**Data for analysis:**
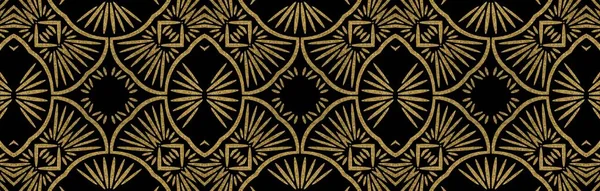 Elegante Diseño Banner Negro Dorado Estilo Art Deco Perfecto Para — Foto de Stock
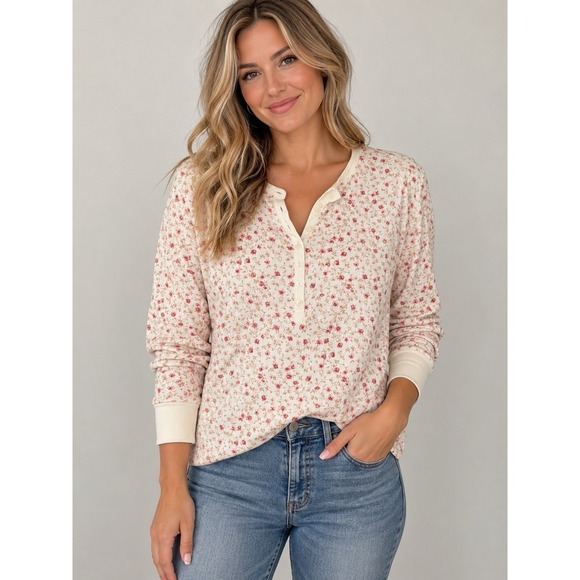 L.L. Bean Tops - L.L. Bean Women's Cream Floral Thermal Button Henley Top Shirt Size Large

...

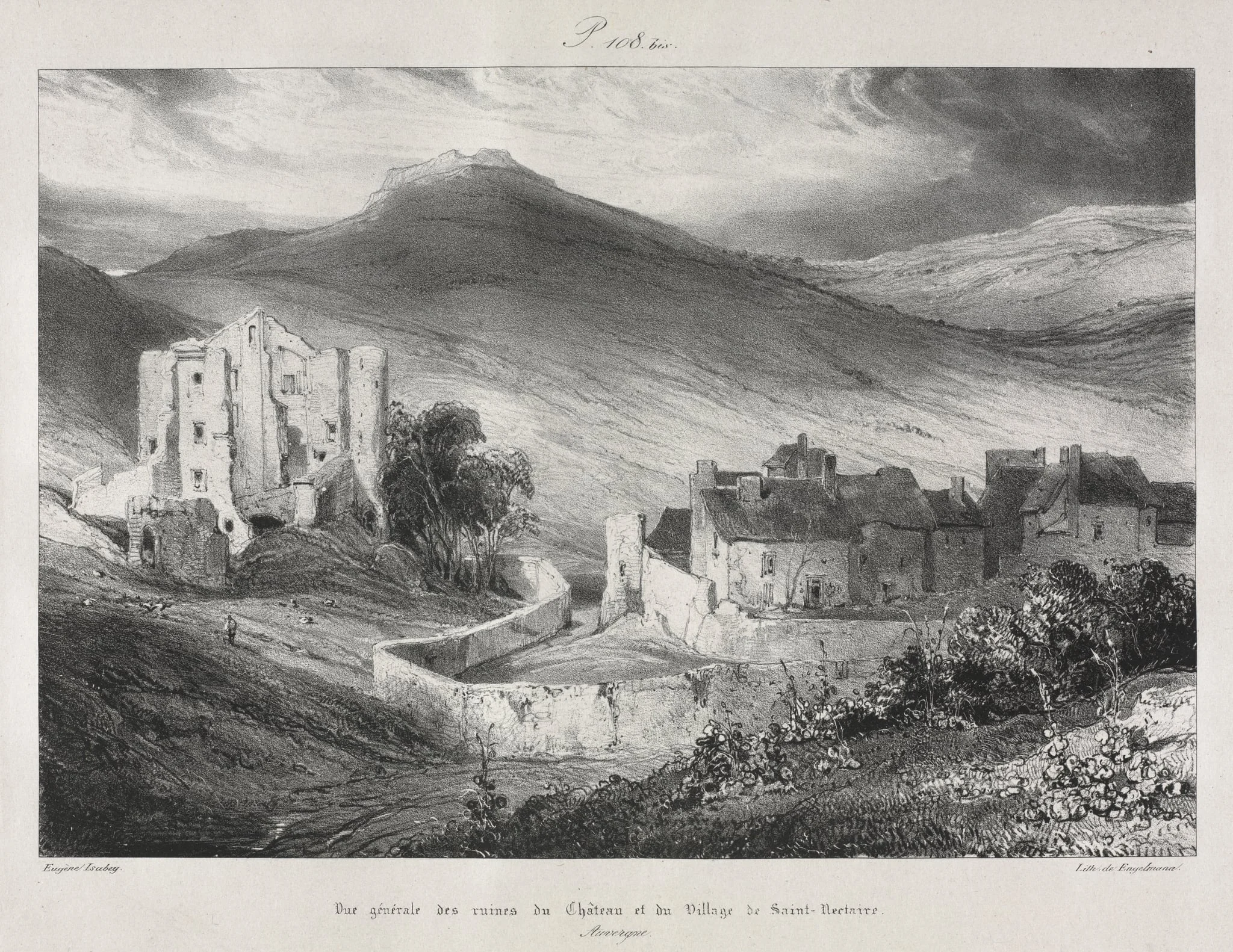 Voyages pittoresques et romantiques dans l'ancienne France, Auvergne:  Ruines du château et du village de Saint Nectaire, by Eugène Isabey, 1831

**Brief:**
Give again, exactly as written above, every line from the one holding "Elegante Diseño Banner" to the one holding "L.L. Bean Tops", with both ends kept and the pictures left out.

**Solution below:**
 Elegante Diseño Banner Negro Dorado Estilo Art Deco Perfecto Para — Foto de Stock
 L.L. Bean Tops - L.L. Bean Women's Cream Floral Thermal Button Henley Top Shirt Size Large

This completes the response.